**Exercise description:** The data below holds the lines to copy: everything from the line containing "La Constitution australienne" to the line containing "Equality: A Man's", both ends included, set down exactly.
(Beginning of Record extracts)
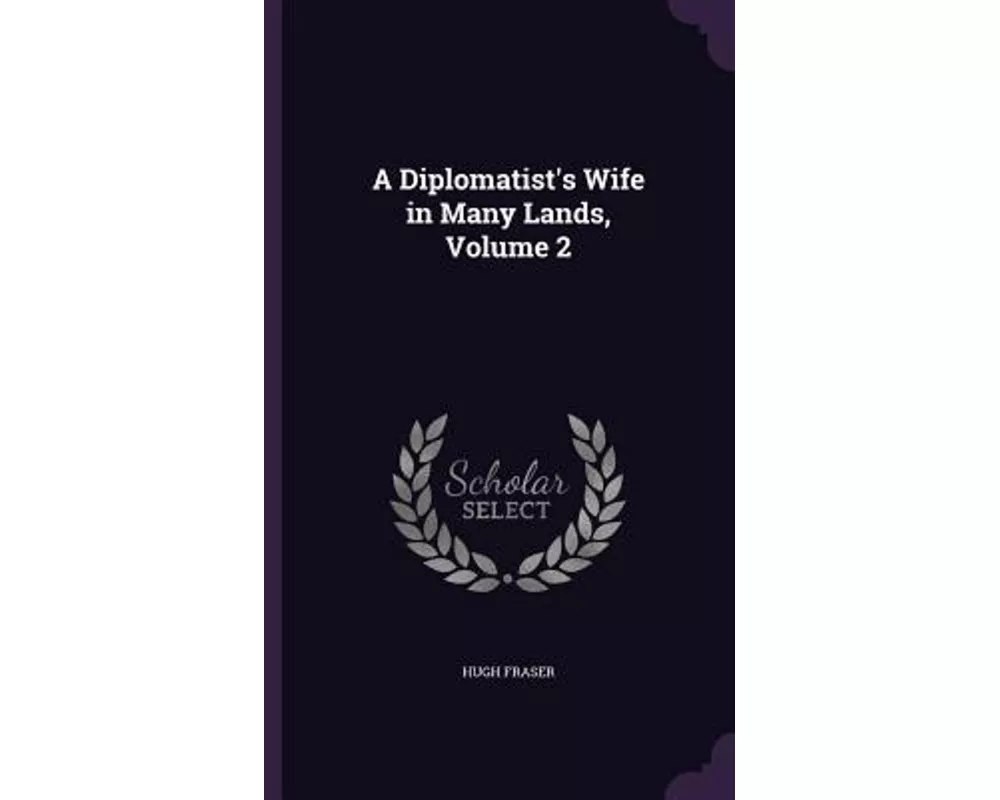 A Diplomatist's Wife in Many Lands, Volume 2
(End of Record extracts)
(Beginning of Record extracts)
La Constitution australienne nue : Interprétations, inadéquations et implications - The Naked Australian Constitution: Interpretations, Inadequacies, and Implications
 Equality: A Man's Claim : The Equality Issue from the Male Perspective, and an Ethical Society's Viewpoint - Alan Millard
(End of Record extracts)
**Expected answer:**
La Constitution australienne nue : Interprétations, inadéquations et implications - The Naked Australian Constitution: Interpretations, Inadequacies, and Implications
 Equality: A Man's Claim : The Equality Issue from the Male Perspective, and an Ethical Society's Viewpoint - Alan Millard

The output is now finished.